For everyone who still have not learned to speak 'estonés'

Thursday, April 06, 2006

How does it feel to be a white (wo)man in Mozambique


Msungu! Msungu! Sista! Sista! (meaning> Sister) Good morning! Hau aar yuu? Teacher! Teacher!... These are just a few of the lines that follow us, well, basically everywhere. Only the word teacher is used just here, in Lamego village by local kids. All the white people are Teachers for them. They love to follow us whereever we go and it is quite funny and a bit scary at the same time. Once, me and Barbara (also working in Teacher Training College... well, kind of) gave.. actually, tried to give a "lesson" in local primary school for about 100 children under a tree while it was raining. We really TRIED to teach them "Head, and shoulders, knees and toes..." and after 20 minutes we were exhausted and our voices were dead. The circle of dozens of curious, wondering and poorly dressed children was closing in around us in seconds. It started as a half circle with respective gap of about 2-3 metres between us and them. By the time we finished, there was almost no space to move around in the circle shared by us two and our faithful dogs Diablo and Nockout. So, we got out of the circle, somehow. And to our great shock, when we were about to leave the school yard, turning around, we saw that most of these children (remember, there was more than 100 of them, or so it seamed, at least) were just a few feet from us, stopping when we stopped and walking on when we did so. Scary.. After different actions (threat, asking nicely, begging, and repeating simple international word STOP) they finally did stay behind, only few of them still after us, giggling and turning their backs when we looked back.
When we enter the village alone, children are usually more couragious and this means, they have more guts to ask us for things.
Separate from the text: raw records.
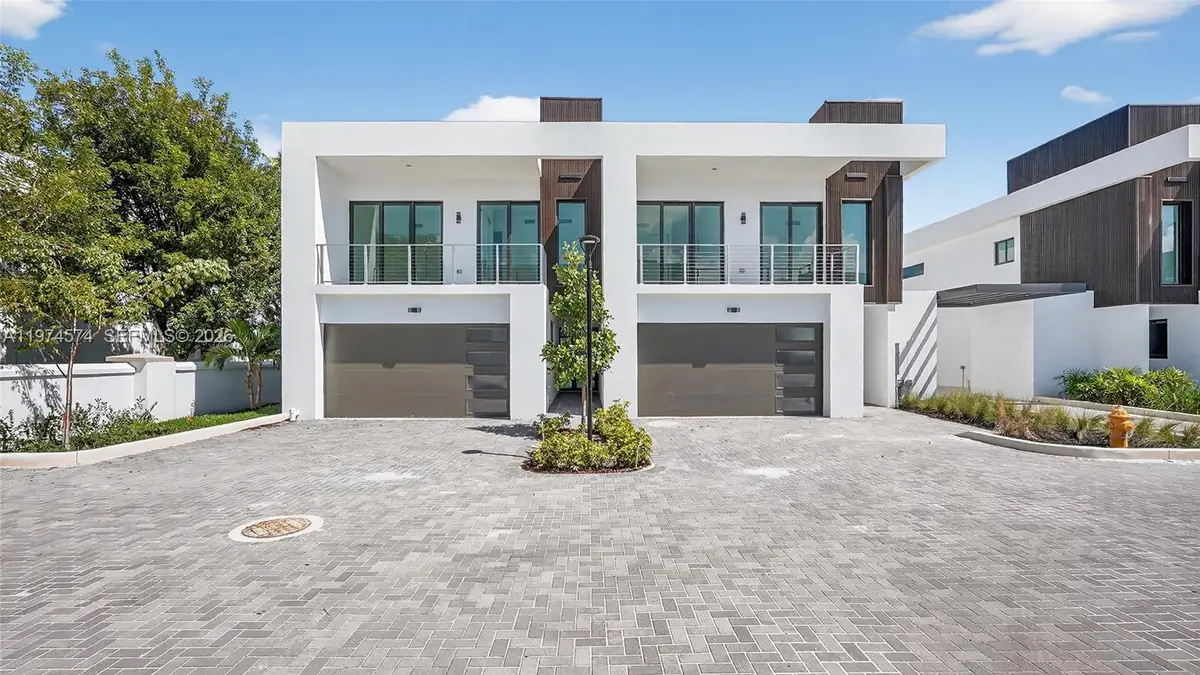 4638 SW 32nd Ave #D2, Dania Beach, FL 33312 - #1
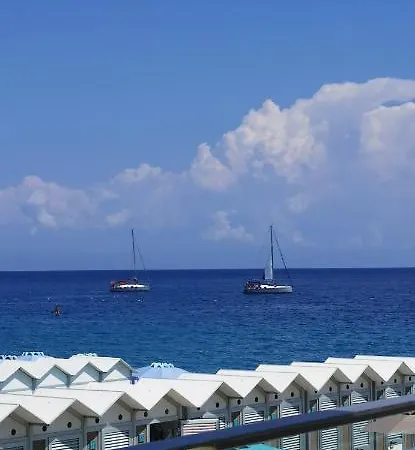 Daire Nuovo In Residenza Fiorenza *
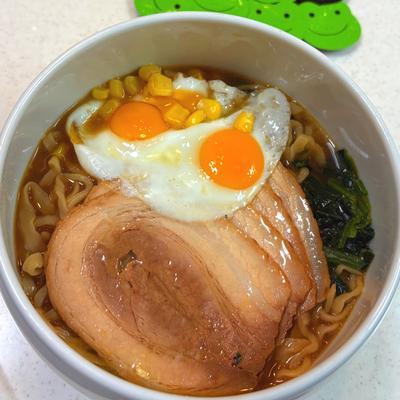 たべれぽの写真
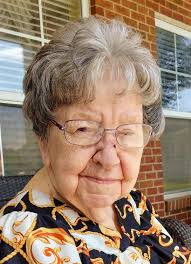 Dorothy "Dottie" Louise Radcliffe Obituary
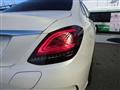 2020 Mercedes-Benz C-Class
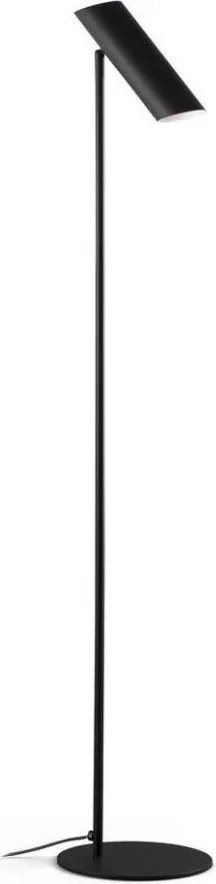 FARO 29884 - Stojacia lampa LINK 1xGU10/15W/230V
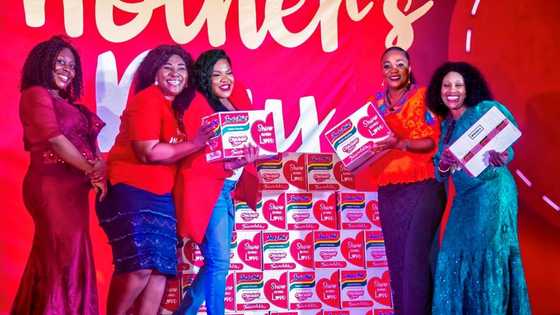 Indomie Celebrates Mothers, Unveils Unconditional Love Campaign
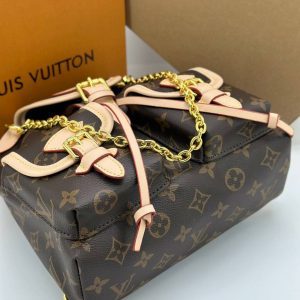 Рюкзак Louis Vuitton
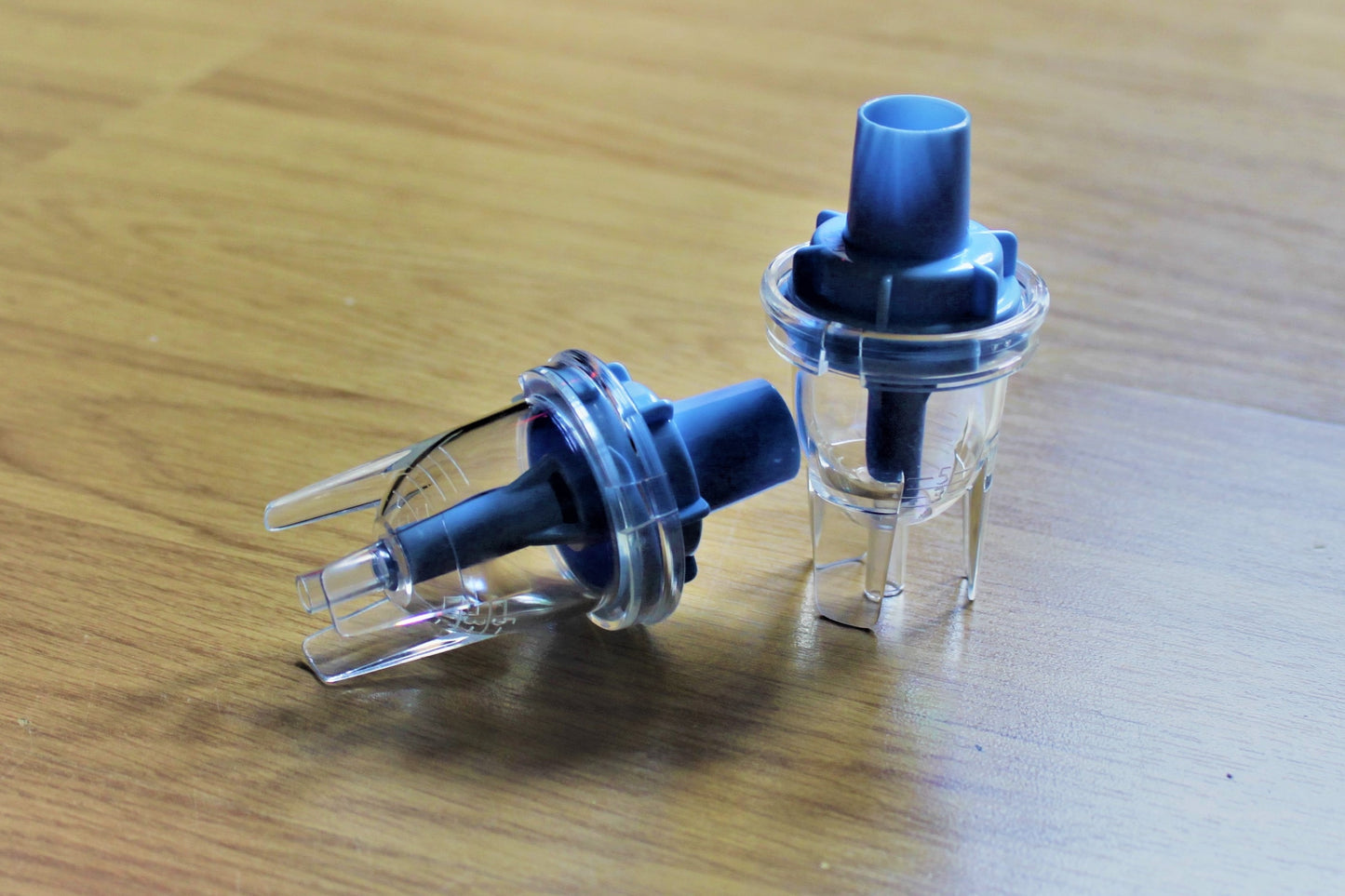 Capsules de rechange pour nébuliseur Turboneb2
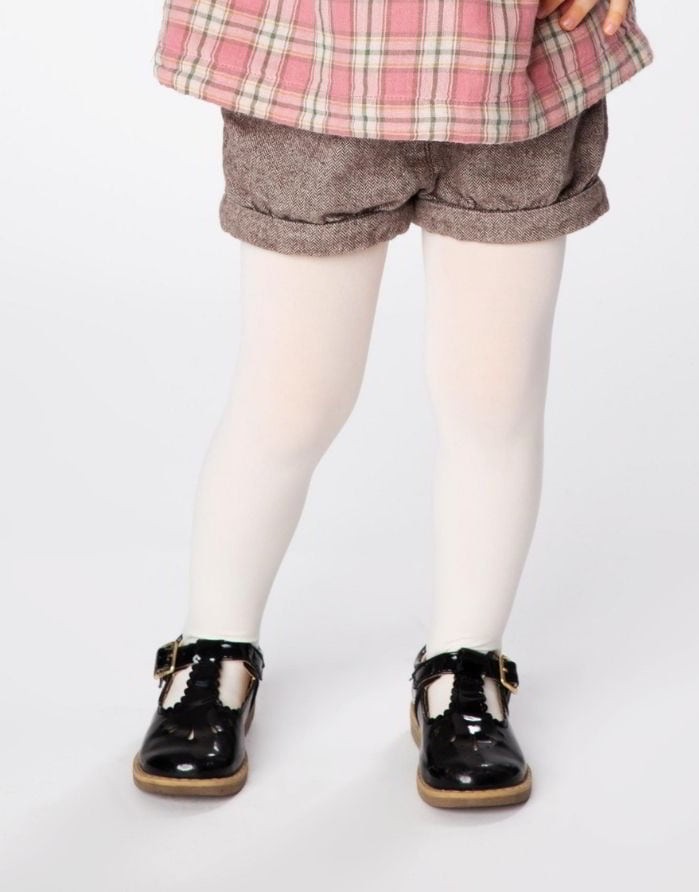 Kids tights "Pipi Milk"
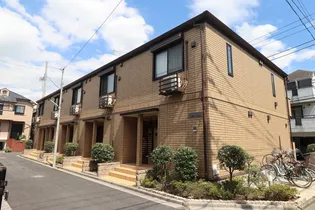 NOBLE COURTの画像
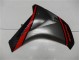 Grey Red Black 08-11 Honda CBR1000RR Motorcycle Fairings Grey Red Black 08-11 Honda CBR1000RR Motorcycle Fairings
Give me money. Give me 1000 meticais. Give me bread. Give me, give me, give me... But it's hardly as bad as it is in Beira or any other bigger place. They don't care wether you're in a group or alone, beggars finding you from the crowd is a question of minutes. Little kids guiding their blind (?) mothers are one of the ones we should keep our eyes on as they might just try to confuse us and pick our pockets while we look for pennies from our purses (which we never do). There are also motionless old women by the walls or bridges, just like stones fixed to a creepy position with their heads down, almost touching the dusty ground and their palms facing the sky, always there and always empty. Sometimes you can hear some of them singing, or maybe praying, or maybe not.
By the way, the Mozambiqians hardly ever use the word thank you. It's not just common. We always get funny, even astonished looks when we thank while getting the change in the store or while leaving the chapa (local transport) etc. When we give something to somebody, wether food for the ladies that bring us water, or sometimes cookies for their children, or even some extra information for a student or whatever, we almost never ever hear thanks. It's not that I feel they should be endlessly grateful for us, it's just that it's a bit strange how they really do not use this word. At all...
Unless.. yeah, there actually are some exceptions. One of the big cases of thank you is the Police. But I guess that's part of some other story. Let's stick to the being white in Mozambique.
Being white means usually that you come from America, or sometimes Portugal. It ALWAYS means you are rich, and should give. Anything, just give it. It makes me really sad every once in a while. Often I feel like that's all they see in me. For example, one day I spent several marvellous hours in the village with some kids I know, they showed me the river where they take a bath and wash their clothes, we played football in their "backyard", I was even kindly forced to sit down with them for lunch in their about 4x4 metre hut (capacity - 7 people) etc. After that, we headed to the volunteer house to have a literacy hour with them and one of the older kids (whom I didn't know before), said that he won't come unless I give him bread. Well, too bad. I've already learned some good asnwers to the Askers. Do I look like a bank? You want 1000? Give me 5000! Let's sit down and talk instead. etc. But, of course, usually I just ignore them. It's impossible to react to all the people who react when they see you. I see some volunteers trying to do it, anwering to all the Hellos and other poor Kind-of-English greetings. To all the people who wave when you pass, wether on foot or in a car/chapa. Well, I also try to wave back. But I won't react to all these guys who think I'm their lost Sista whom they've finally found and if they say something especially stupid, I love to suprise them, shooting something sharp in Portuguese.
Today we were waiting for a car in Beira to pick us up (they never came, so we took a chapa instead, eventually) and as we were tired, we sat on the pavement by the only supermarket around (Shoprite!). We got even more attention than usually. Msungus, and sitting on the ground! No self-respectful Mozambiqian would ever do that, that's a place for beggars and children, maybe. So several of them stopped, thinking there's something wrong with us, like maybe we got robbed or we're feeling sick or whatever. They were shocked, hearing that we're perfectly fine and just resting our feet. The people who were looking us with most disgust at that moment, were actually all the whites, passing in JEEPs and other big cars (there are no small cars here, really, just big ones).